Source localization was performed using parametric dipole fitting. A single dipole fit was used to determine the location of the MEG signal in the contralateral hemisphere as commonly used in human MEG data analysis (e.g. Figure 2A, C and 2E). Since the monkey's head was smaller than a human's head, only approximately 30 sensors were recording brain activity while the remaining sensors detected room noise and in some cases heartbeat artifact rather than brain signals. For each experiment (all ISIs collected on a given day) these 30 sensors matching the maximum (positive and negative) early responses on both sides of the signal source were chosen to determine the equivalent current dipole of the most dominant source at the 2s ISI. The position and orientation of the identified dipole for the 2s ISI were fixed. Then, this dipole was used to estimate the response amplitudes (dipole mement, Q) for all three ISI conditions. The response latencies and dipole moments (Q) were estimated based on the early response peaks for the different stimulation conditions. The grand average moment response values (Q) were compared at different ISIs by normalizing the 0.33s and 1s ISI conditions to the 2s ISI condition. This normalization facilitated comparison of the relative changes in MEG responses as a function of rate with the rate dependent changes observed in LFP and MUA data.

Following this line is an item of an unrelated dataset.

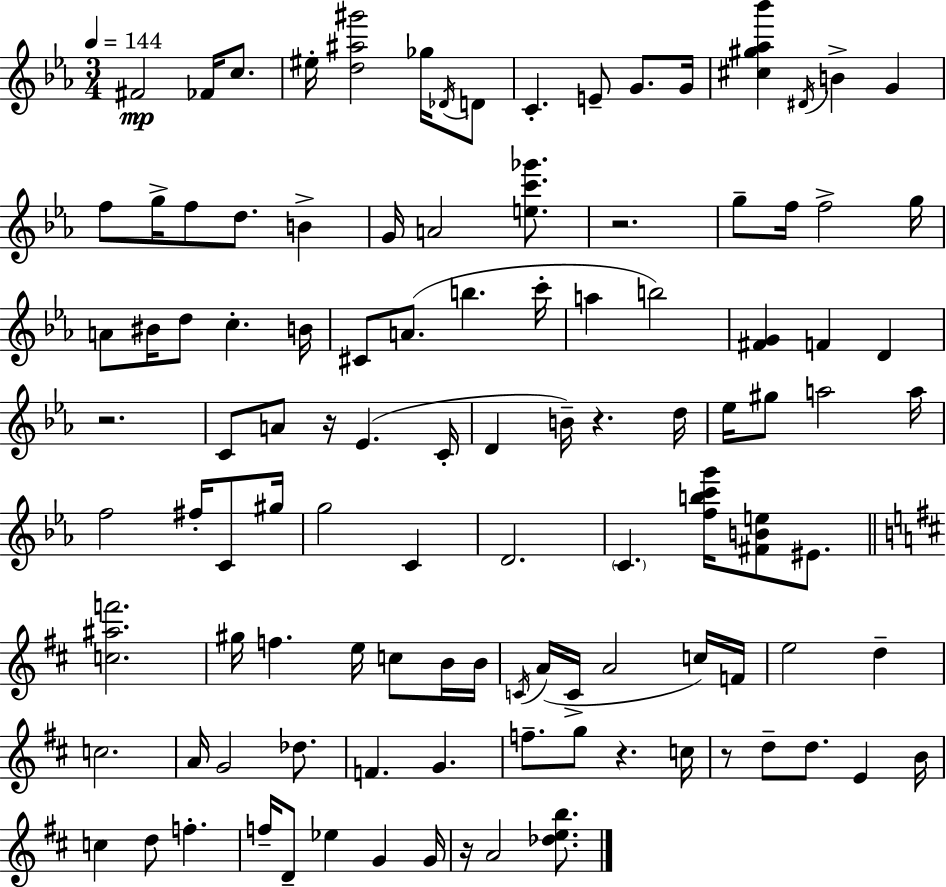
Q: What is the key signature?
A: C minor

Electrophysiological recording and data analysis
Following the MEG recordings, acute electrophysiological recording experiments were carried out. The anesthetic regime and monitoring were identical to those described for the MRI acquisition phase of these experiments. Once anesthetized, the animals were placed in a stereotaxic frame. An incision was made over the scalp and the skin was retracted. The temporal muscle was retracted, and a craniotomy was performed over the central sulcus. Dimethylpolysiloxane was placed over the exposed cortex to prevent desiccation. A digital photograph of the exposed cortex, including the central sulcus (CS), the post-central gyrus (PCG) and the intraparietal sulcus (IPS) was taken. This photograph was printed and used to mark electrode track locations relative to sulcal landmarks and blood vessels for later data analysis and reconstruction.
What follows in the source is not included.